(Recorded information)
# # #
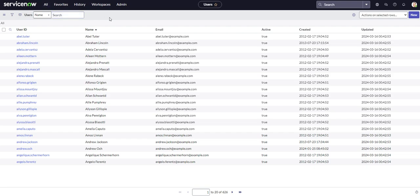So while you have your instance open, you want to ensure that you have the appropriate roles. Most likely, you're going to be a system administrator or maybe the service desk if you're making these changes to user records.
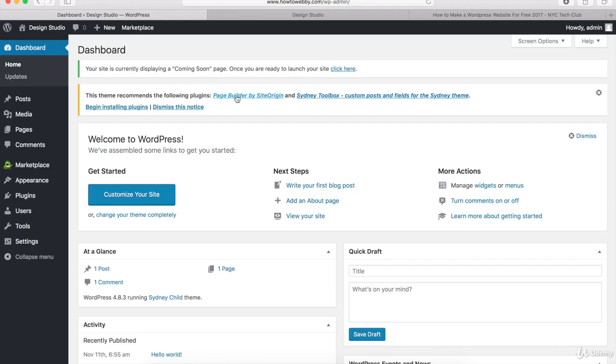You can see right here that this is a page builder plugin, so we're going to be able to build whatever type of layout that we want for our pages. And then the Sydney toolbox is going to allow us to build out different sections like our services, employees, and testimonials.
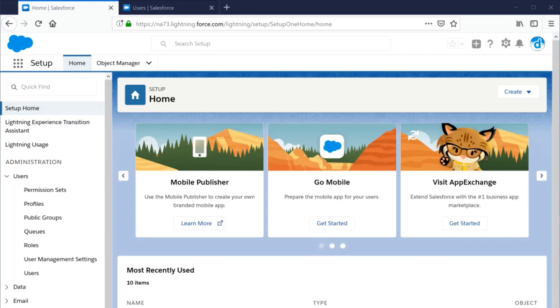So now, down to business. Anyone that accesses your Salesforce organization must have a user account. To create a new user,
# # #
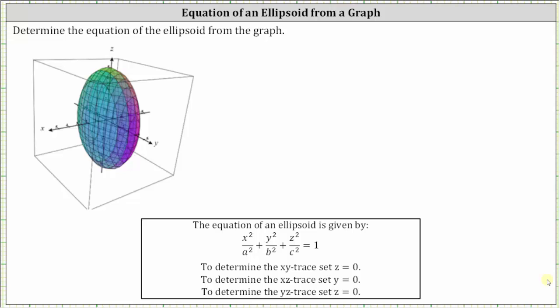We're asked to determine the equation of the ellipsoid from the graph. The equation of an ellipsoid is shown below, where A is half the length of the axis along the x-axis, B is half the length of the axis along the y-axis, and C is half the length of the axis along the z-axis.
# # #
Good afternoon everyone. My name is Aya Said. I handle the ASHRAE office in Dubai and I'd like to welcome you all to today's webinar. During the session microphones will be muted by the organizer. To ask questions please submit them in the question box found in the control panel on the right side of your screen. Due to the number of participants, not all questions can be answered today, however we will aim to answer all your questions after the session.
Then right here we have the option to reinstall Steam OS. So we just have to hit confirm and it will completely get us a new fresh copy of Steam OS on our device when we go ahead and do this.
# # #
(What to produce) Output exactly the lines above, beginning at the one with "So while you" and stopping after the one with "So now, down". Pictures are to be omitted.

(Task answer)
So while you have your instance open, you want to ensure that you have the appropriate roles. Most likely, you're going to be a system administrator or maybe the service desk if you're making these changes to user records.
You can see right here that this is a page builder plugin, so we're going to be able to build whatever type of layout that we want for our pages. And then the Sydney toolbox is going to allow us to build out different sections like our services, employees, and testimonials.
So now, down to business. Anyone that accesses your Salesforce organization must have a user account. To create a new user,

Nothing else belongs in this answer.